Capítulo II

79 47 43
                                    

  Escuridão, vozes, e o soprar dos ventos. Os olhos fatigados de Maeve lentamente se abriram.
   — Outro sonho?
  Submersa sobre as águas calmas de uma gruta, ela viu pelo buraco no teto um céu que nunca vira antes, suas cores mescladas em azul profundo e púrpura pareciam cintilar, e isso a deixou profundamente impactada, a beleza era surreal. E as estrelas naquele lindo céu emitiam um brilho incomum que poderia facilmente lhe cegar, mas por algum motivo ela podia vê-las, observá-las.
    Calmamente, a menina de cabelos laranja se levantou, inexplicavelmente, ela conseguia andar livremente sobre as águas. E ela caminhou, caminhou devagar até a luz que ofuscava da outra extremidade. Quando a menina saiu da gruta, ela continuou a caminhar em passos rápidos, pois ansiava chegar até as margens, chegar até ao vale verdejante além. As montanhas eram adornadas, algumas, por lírios brancos e azuis, lírios-dos-vales, outras, por flores-de-íris, tulipas vermelhas, alguns coelhos selvagens corriam pela vegetação, além dos cervos, antílopes, e raposas. Maeve ficou encantada quando passou ao largo de cisnes brancos que pareciam se banhar com a luz ofuscante do luar.
  Ao tocar com os pés na superfície da terra, enquanto ainda ouvia a melodia dos piscos-de-peito-ruivo, uma impetuosa brisa soprou, fazendo a grama alta farfalhar, e seus longos cabelos alaranjados balançar, então ela ouviu o som de uma gaita de fole, um clarão emergiu em seus olhos, então a menina foi teletransportada para outro lugar, um campo vasto e nivelado, a neve que caía era tão lenta que parecia imóvel, facilmente alguém poderia pegar aqueles flocos de neve com as mãos, ela fitou o vasto campo, não havia nada além da neve fresca. Acima dela o céu era alvo, e tão denso que lhe causava extrema ansiedade, a terra em que ela pisava estava coberta de neve, mas seus pés não afundavam, ela esticou a mão direita, e com o polegar e o indicador, segurou um dos flocos de neve, novamente um clarão emergiu, novamente ela ouviu o som da gaita de fole ressoar, mais alto, mais intenso, sem forças ela caiu no chão e tudo escureceu.

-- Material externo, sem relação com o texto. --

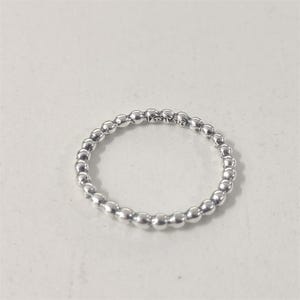 May include: A silver ring with a beaded design. The ring is made of small, round beads that are closely spaced together, creating a textured surface. The ring is on a white background. The ring has the text "925 ALE 54" engraved on it.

  Vozes, várias vozes sopraram em seus ouvidos; vozes suaves: "Veja! Ela veio nos resgatar.", "Ela veio nos resgatar.”, “Alguém veio nos resgatar?", "Ela! Ela veio nos resgatar!"; Vozes angustiadas: "Não há escapatória.", "Não há.", "Vamos morrer." , "Irão nos matar."; Turbilhão de vozes, murmúrios, sussurros: "Eu estou com tanto medo.", "Ouço gritos, muitos gritos.", "Me vingue irmã.", "Mate-o.", "Ele merece punição.", "Sim, eles merecem punição.", "Isso. Destrua-os.", "Lentamente.", "Lentamente", "Mate-os".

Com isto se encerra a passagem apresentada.